MATERIAL PROVIDED:
....................
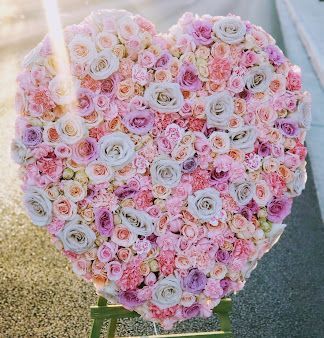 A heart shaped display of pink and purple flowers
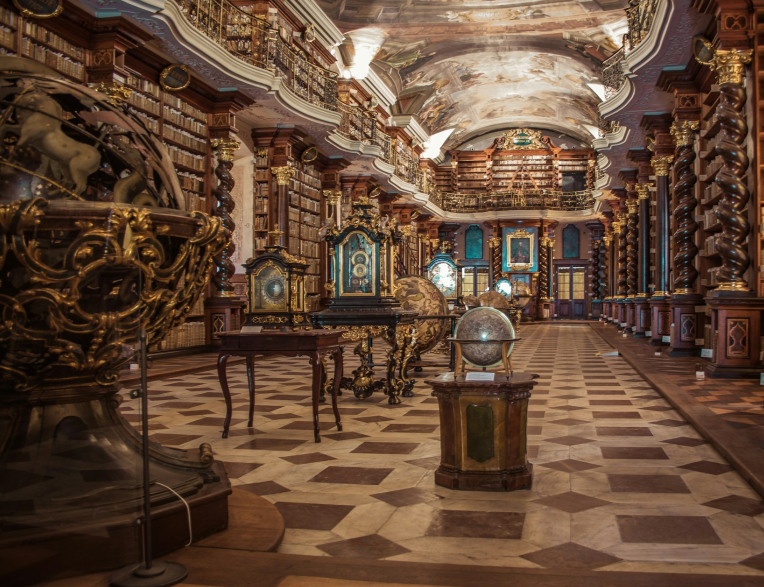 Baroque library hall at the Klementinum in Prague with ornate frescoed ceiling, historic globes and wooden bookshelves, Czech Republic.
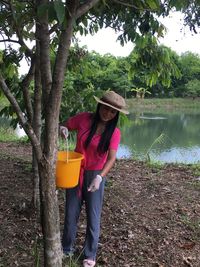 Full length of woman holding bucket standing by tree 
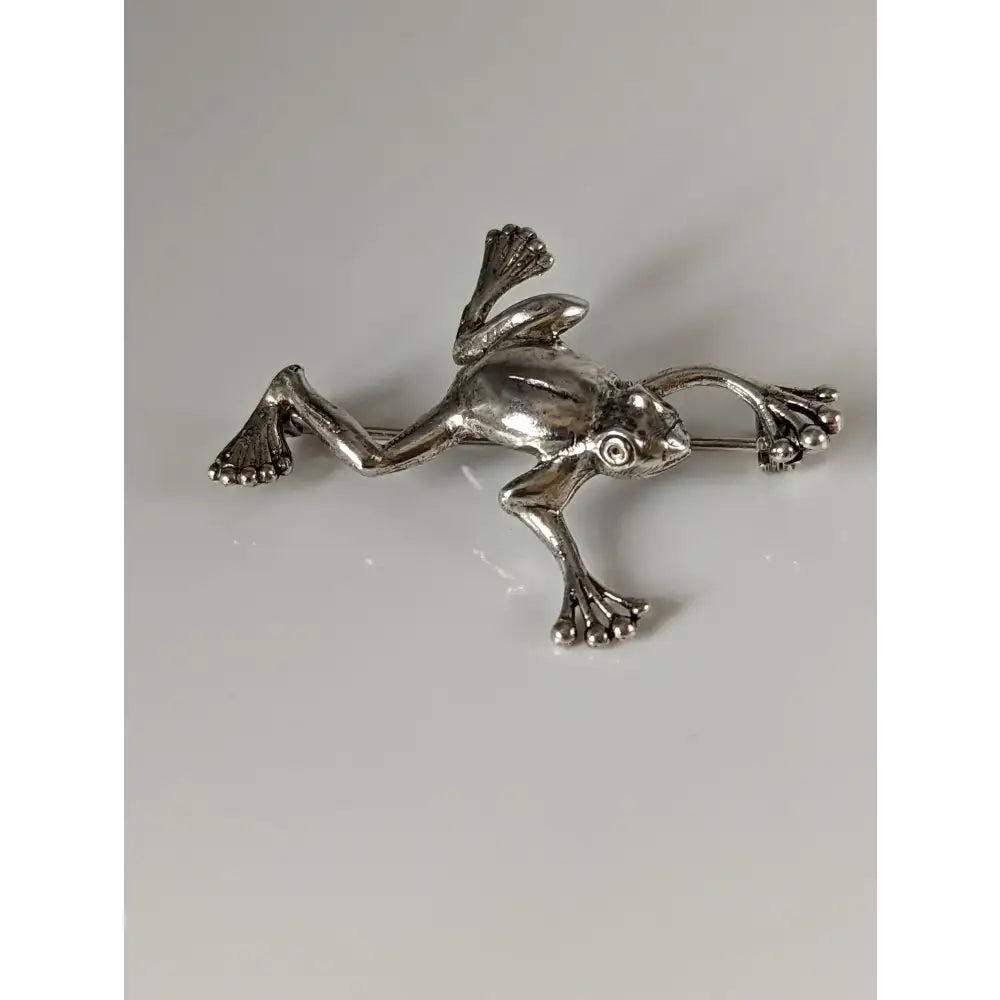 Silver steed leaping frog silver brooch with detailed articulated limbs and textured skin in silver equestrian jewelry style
....................
WHAT IS NEEDED: Everything from the line containing "Baroque library hall" to the final line of the listing above, both ends included, should be transcribed word for word, except for the pictures.

RESULT FOR THIS EXERCISE:
 Baroque library hall at the Klementinum in Prague with ornate frescoed ceiling, historic globes and wooden bookshelves, Czech Republic.
 Full length of woman holding bucket standing by tree 
 Silver steed leaping frog silver brooch with detailed articulated limbs and textured skin in silver equestrian jewelry style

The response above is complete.